June 19, 2014 — Like a few types of seafood, America’s East Coast watermen are an endangered species. As environmental factors and overfishing continue to challenge their source of income, some watermen are turning to tourism and other careers. Fortunately, in North Carolina’s Outer Banks, people who earn a living from the sea are still blessed with access to the wide-open Atlantic. And they’ve become the chief suppliers of seafood for people living north of the Mason-Dixon Line.
Like so many watermen, Ashley O’Neal’s grandfather fished these waters, as did his father before him. O’Neal’s Sea Harvest is a commercial fishing operation in Wanchese, a tiny village on Roanoke Island in the Outer Banks. Mr.
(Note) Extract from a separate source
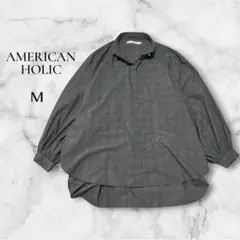 【AMERICAN HOLIC】グレンチェック パール調ボタン シャツ グレー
O’Neal operates a fleet of boats that harvests seafood from the Atlantic Ocean, as well as the Albemarle and Pamlico Sounds.
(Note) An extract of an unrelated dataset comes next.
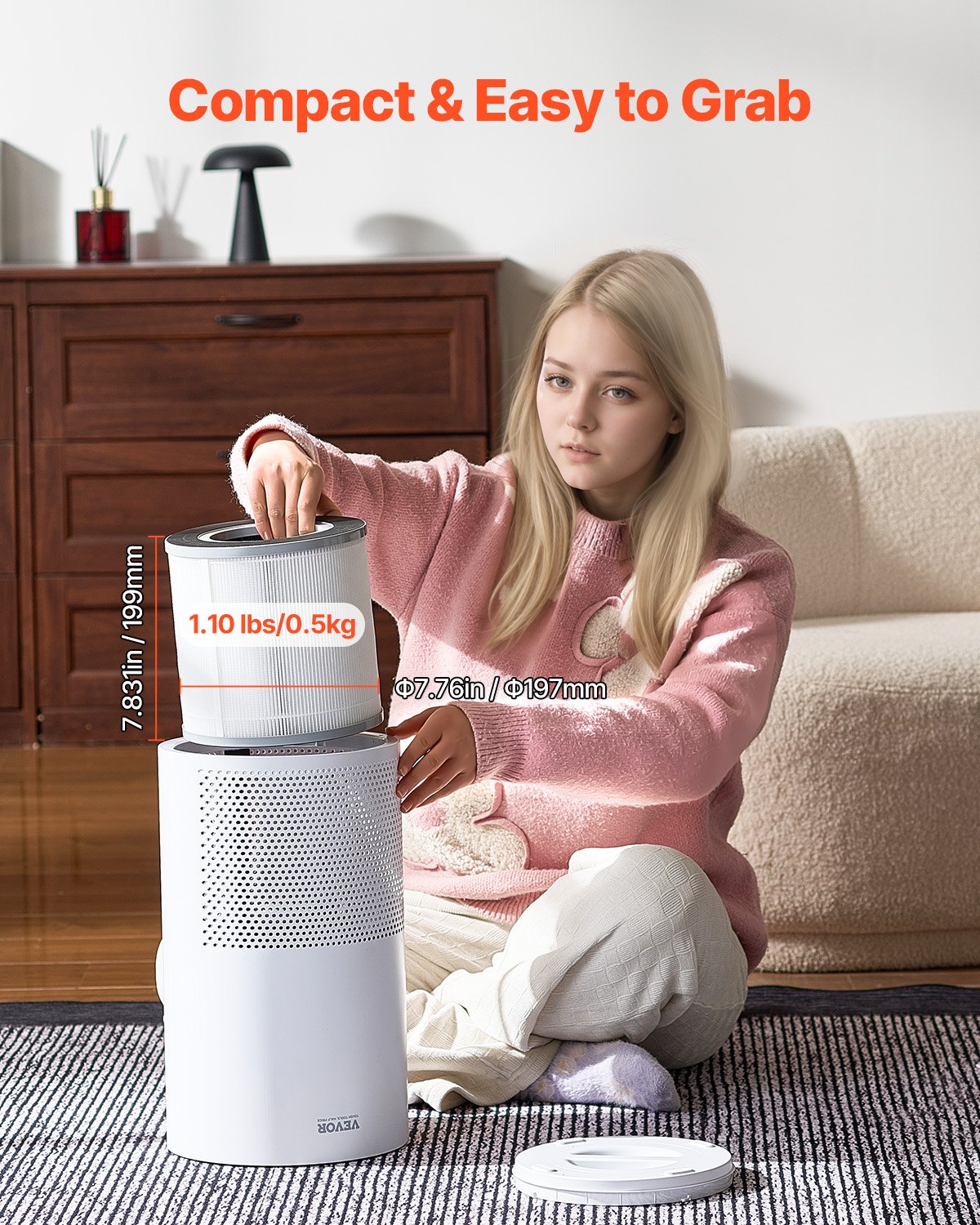 VEVOR Air Purifier Replacement Filter, H13, 3-in-1 Compact & Lightweight Replacement Filter with PP Pre-Filter, Easy-to-Grab Purifier Filter with Activated Carbon, Fit for Cylindrical Purifier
The 36-year-old oversees his family’s operation consisting of 30 watermen — that includes fisherman, crabbers and shrimpers — and up to 14 packers depending on the season. In May, their busiest month, the company shipped nearly 18,000 dozen softshell crabs to Northern cities from Washington, D.C., to Boston. The bulk of the crabs supply restaurants and markets in Baltimore, New York and Philadelphia, but restaurants in Pittsburgh are creating interesting dishes with soft-shell crabs — such as the soft-shell crab tostadas served earlier this season at Tamari.
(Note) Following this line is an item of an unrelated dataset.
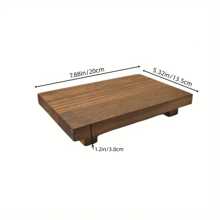 Bandeja de servir de madera de acacia natural, decoración rústica minimalista para el hogar, bandeja para sushi, pastel, pan, café, té y barbacoa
There are eight commercial seafood operations in the Outer Banks. In addition to supplying wholesalers, they sell their fish and shellfish at small markets adjacent to where their boats unload the fresh catch of the day. You can’t get seafood any fresher than what you’ll see in these markets. It’s one of the best reasons to vacation in the Outer Banks.
“May and June are the key months for soft crabs,” explains Mr. O’Neal. “The blue hardshell crabs become plentiful in June, July and August. We’re bringing in shrimp in August, September and October. Beginning in September and through November, the flounder start running.”